08 Dezembro 2012
No dia 25 de dezembro, quando boa parte das famílias do Ocidente estiverem reunidas para celebrar o Natal, a escritora britânica Karen Armstrong estará sozinha. Sem peru nem ceia, sem presentes nem árvore de Natal, ela pretende simplesmente confraternizar com seu trabalho, que inclui consultorias e conferências na área de religião comparada. Aos 68 anos, Karen é uma das mais prestigiadas autoras de livros sobre a fé. Entre seus mais de 20 títulos estão best-sellers como Uma História de Deus, A Bíblia, uma Biografia e Jerusalém: Uma Cidade, Três Religiões.
"Não tenho família. Estarei sozinha. Não me importo, porque posso ter tempo para trabalhar", conta Karen, que acaba de lançar no Brasil seu último livro, 12 Passos para uma Vida de Compaixão (Paralela), obra que pretende despertar um jeito de viver mais compassivo em seus leitores.
A entrevista é de Marília de Camargo Cesar e publicada no jornal Valor, 07-12-2012.

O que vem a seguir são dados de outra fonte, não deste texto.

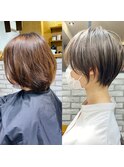 30代/40代・シルキーベージュデザインカラー斜めバング【中村】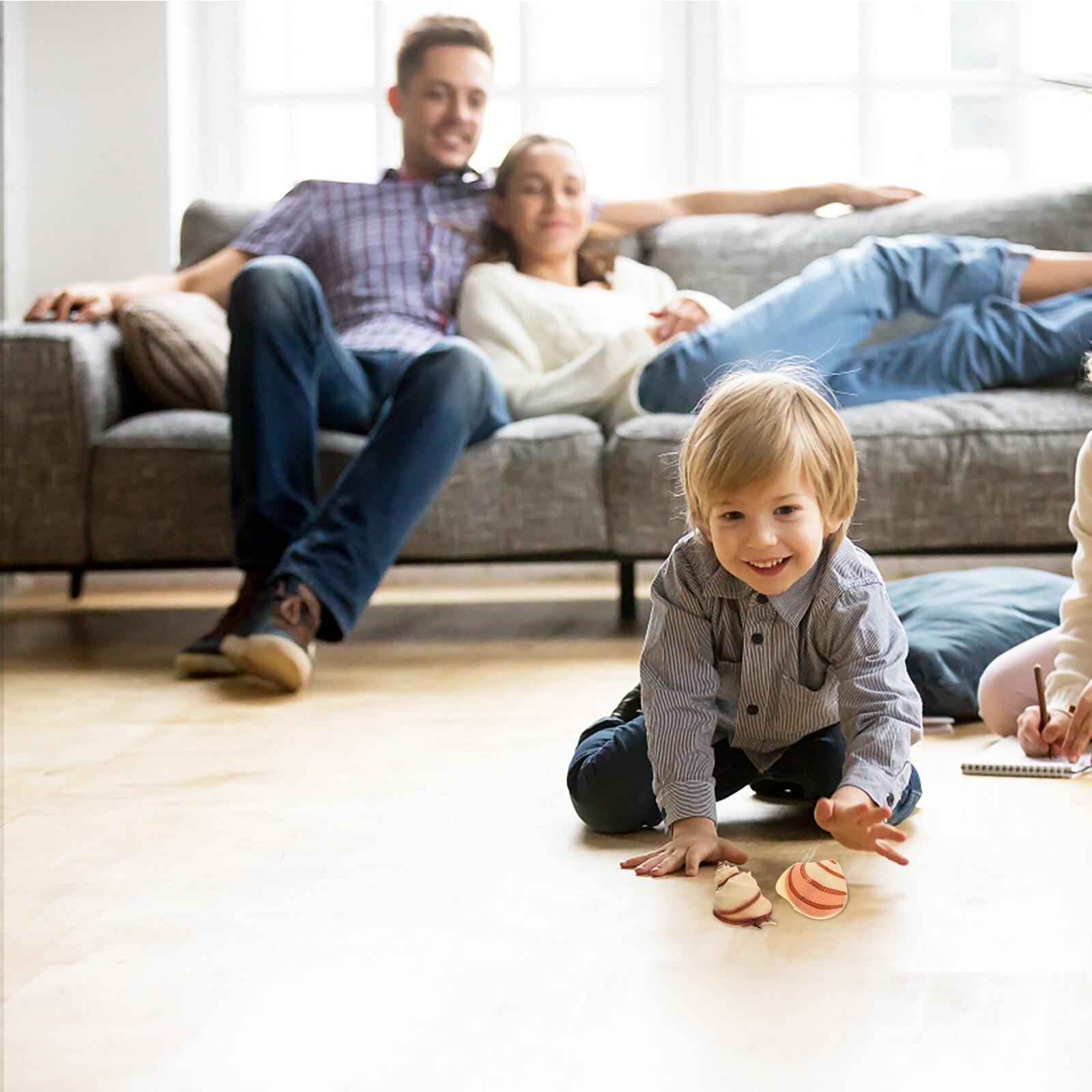 2Pcs Simulated Sea Animal Model Vivid Sea Creature Conch Shell Tabletop Decor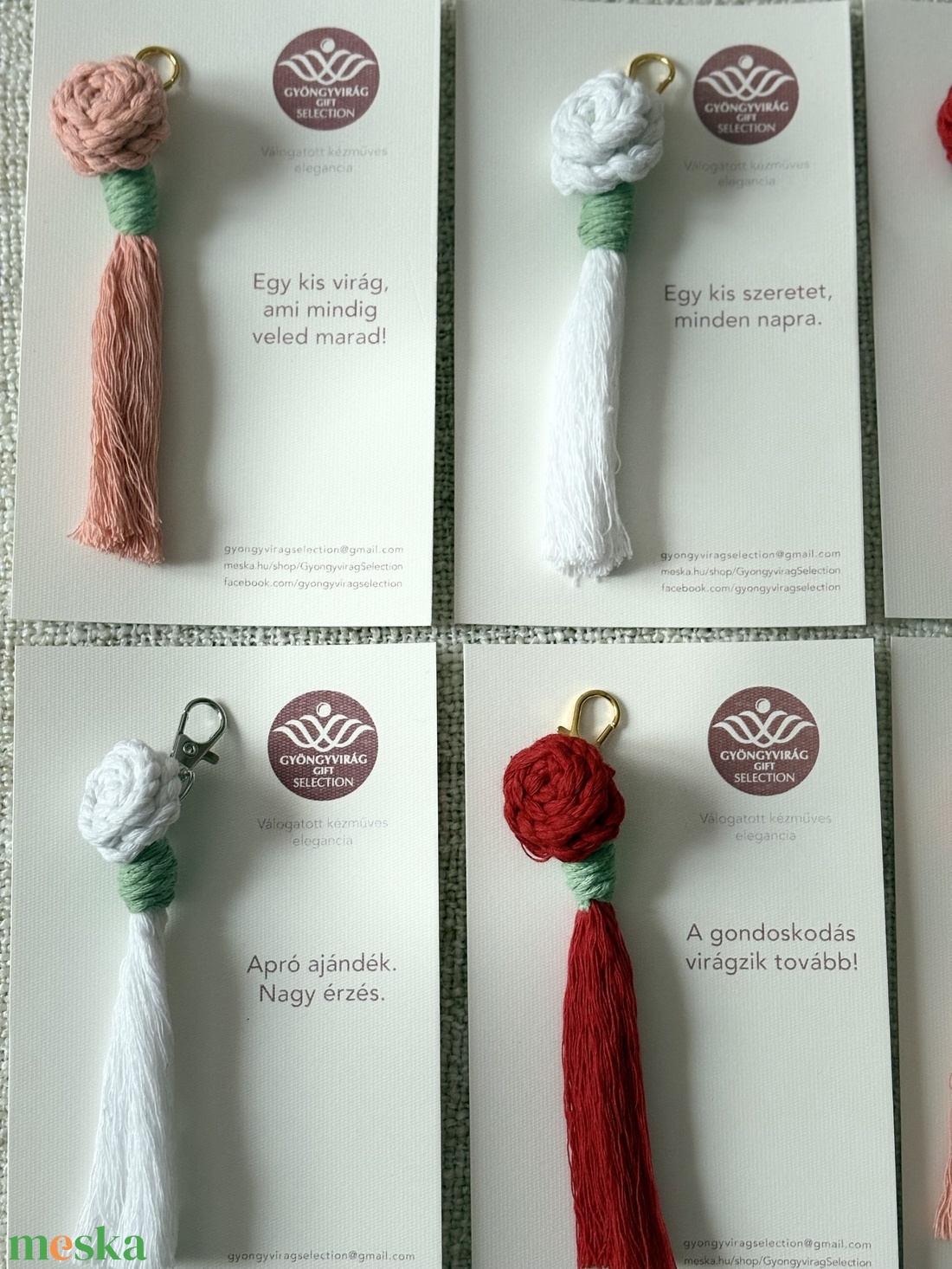 Virágzó Kedvesség � Makramé rózsabimbó kulcstartó / táskadísz többféle színben CSOMAGOLVA! - táska & tok - kulcstartó & táskadísz - kulcstartó - Meska.hu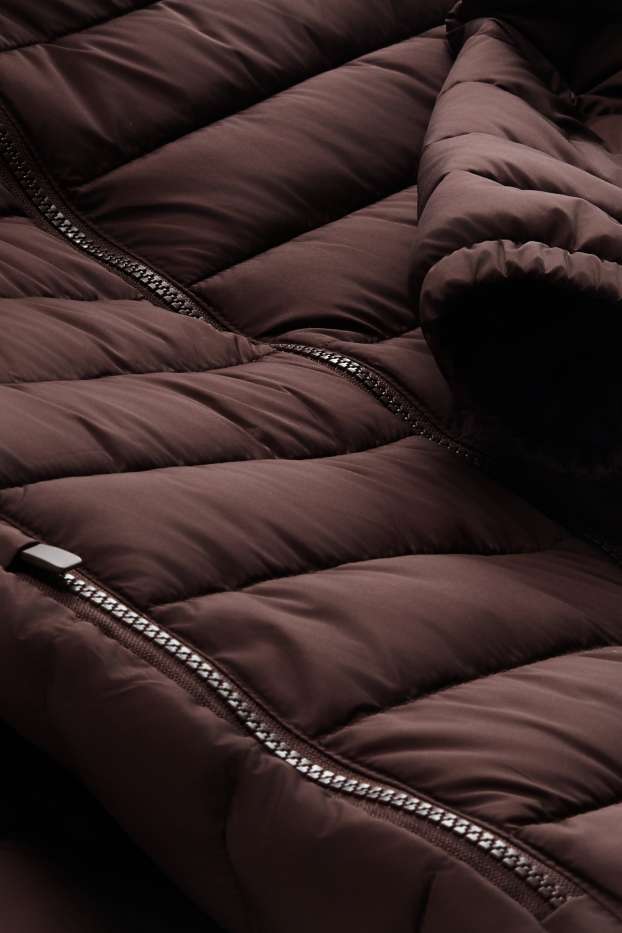 Men - Quilted jacket with hood - dark brown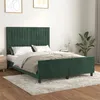 Image de vidaXL Cadre de lit avec tête de lit Vert foncé 140x190 cm Velours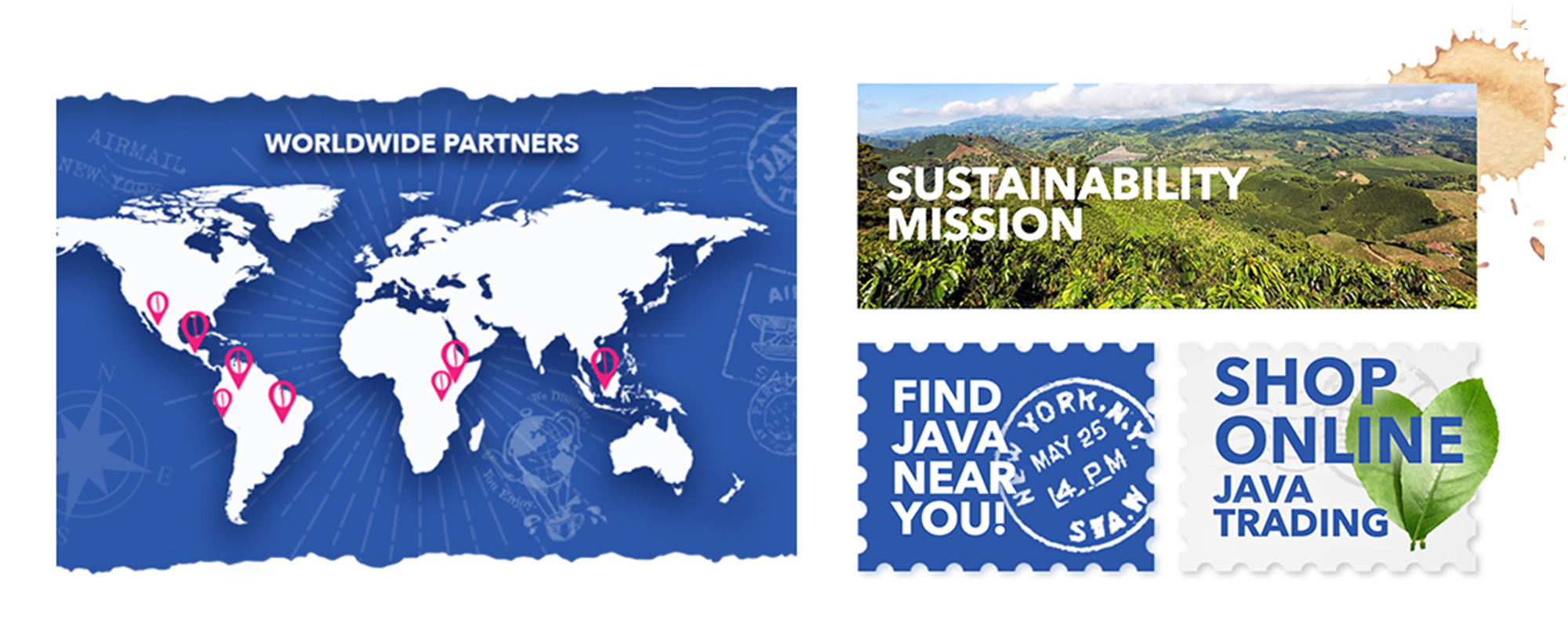 Map graphic and text overlaid on mountains - sustainability mission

Para Karen, o Natal deveria nos levar de volta aos momentos mágicos da infância e a refletir mais sobre os sem-teto, uma vez que a história do nascimento de Jesus começa com um casal de refugiados que não encontra abrigo nas hospedarias de Belém. Mas o consumismo, marca de um mundo "dominado pelo mercado", tira o brilho natalino, o que não impede o Ocidente de parar por uma noite a fim de celebrar a chegada de Jesus. Para a escritora inglesa, que foi freira durante sete anos e formou-se em literatura pela Universidade de Oxford, a mensagem cristã reverbera ainda hoje porque Jesus foi um autêntico praticante da Regra de Ouro - "não faça ao outro aquilo que você detesta" - ensinando-a, na verdade, em sua versão positiva - "faça aos outros o que gostaria que eles lhe fizessem".
Os primeiros passos de Karen rumo ao mundo religioso foram dados aos 17 anos, quando entrou para um convento católico na Inglaterra. Viveu sete anos de conflito pessoal e espiritual e decidiu desistir da vida restritiva de sua ordem religiosa em 1969. Nunca havia ouvido falar de Beatles nem da guerra do Vietnã. Questionou sua fé, formou-se, lecionou literatura na Universidade de Londres e se reencontrou com a religião ao escrever seus livros. "Monoteísta freelancer", Karen também tem títulos sobre Maomé e Buda e defende o diálogo religioso.
Eis a entrevista.
Ao olharmos para nosso mundo, como a senhora sugere no segundo passo de seu livro mais recente, encontramos uma sociedade que realiza façanhas no campo da ciência e da tecnologia, mas com poucos gênios espirituais. O fascínio da ciência calou a voz dos pensadores da espiritualidade?
Sim, o desenvolvimento da ciência no fim do século XVII tornou o pensamento religioso difícil para as pessoas. Apesar do brilhantismo tecnológico, o pensar religioso é subdesenvolvido, primitivo. Lemos os textos sagrados, por exemplo, com uma literalidade que é sem paralelo na história da religião.
Por que a vida de Jesus teve o poder de marcar tão profundamente a humanidade?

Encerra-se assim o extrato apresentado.